Smoke in Cargo Area Causes American Airlines to Make Emergency Landing

An American Airlines flight was forced to make an emergency landing at a regional airport in central Texas on Friday after the pilots detected smoke in the plane’s cargo area.

The pilots of American Airlines flight 385 successfully landed the plane at Killeen-Fort Hood Regional Airport and brought the aircraft to a full stop, according to a news release from the city of Killeen, Texas. They initiated the emergency landing after becoming aware of the smoke shortly after 2 pm local time.

Robert Gray Army Airfield Fire and Emergency services were dispatched to the aircraft, and all 35 passengers and three crew members were safely deplaned and evaluated by emergency personnel, according to the news release. None of the passengers or crew were found to have illnesses or injuries.

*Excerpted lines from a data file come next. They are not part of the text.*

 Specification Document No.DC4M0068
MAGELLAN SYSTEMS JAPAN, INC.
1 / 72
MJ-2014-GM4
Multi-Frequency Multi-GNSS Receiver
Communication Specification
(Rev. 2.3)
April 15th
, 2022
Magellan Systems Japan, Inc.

Officials could not find the cause of the smoke and the plane was cleared to return to service, the city said.

On Friday, an American Airlines flight departing Dallas had to make an emergency landing in Killeen, Texas, after pilots detected smoke in the plane’s cargo area. Above, an American Airlines Boeing 737 MAX airplane takes off on a test flight from Dallas-Fort Worth International Airport in Dallas, Texas, on December 2, 2020.
Cooper NEILL/Getty Images

The flight had departed Dallas at 1:10 pm on Friday with a final destination of Killeen, according to flight-tracking website FlightAware. American Airlines has scheduled on Saturday and Sunday the same flight from Dallas to Killeen, a city of about 153,000 that’s home to the Fort Hood Army base.

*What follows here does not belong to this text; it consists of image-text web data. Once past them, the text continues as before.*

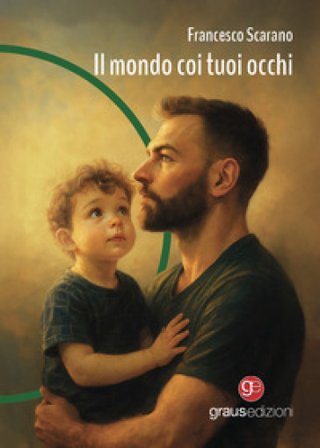 Il mondo coi tuoi occhi Francesco Scarano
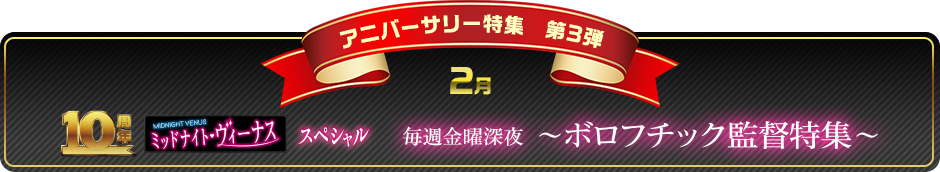 アニバーサリー特集第3弾　2月　ミッドナイト・ヴィーナススペシャル 毎週金曜深夜〜ボロフチック監督特集〜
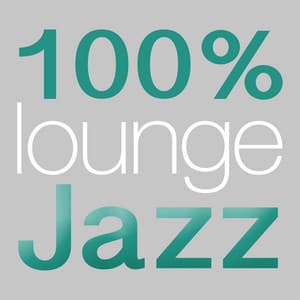100% Lounge Jazz - Buddha Lounge Ensemble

news week reached out to American Airlines and the city of Killeen for additional comment.

Other flights this month had delays or were forced to make emergency landings for more dramatic reasons.

An American Airlines flight headed from Connecticut to Miami was diverted to Norfolk, Virginia due to a mechanical issue earlier this month, Portsmouth, Virginia news station WVBT reported. The airline sent another aircraft to Norfolk to transport the 147 people on the plane to Miami.

An AirAsia flight from Malaysia’s capital Kuala Lumpur to Tawau, Sabah on Thursday, had to divert after passengers spotted a snake in an overhead luggage compartment. The airline called it a “very rare incident.”

On Wednesday, a Frontier Airlines flight was delayed from taking off from Cleveland, Ohio, when a passenger physically assaulted a gate agent. The passenger reportedly reacted violently after the gate agent told him he had too much to drink and needed to exit the aircraft. The man said he was the only fan of the Cincinnati Bengals, who are playing in Super Bowl LVI this weekend, and had been drinking too much.

The same day, a flight from New York to Florida was forced to land in Raleigh, North Carolina after a passenger began threatening others onboard the aircraft.

Flight diversions are rare events. According to the Bureau of Transportation Statistics, less than 1 percent of flights by major US air carriers were diverted in 2020 (the most recent year data is available for) as well as subsequent years.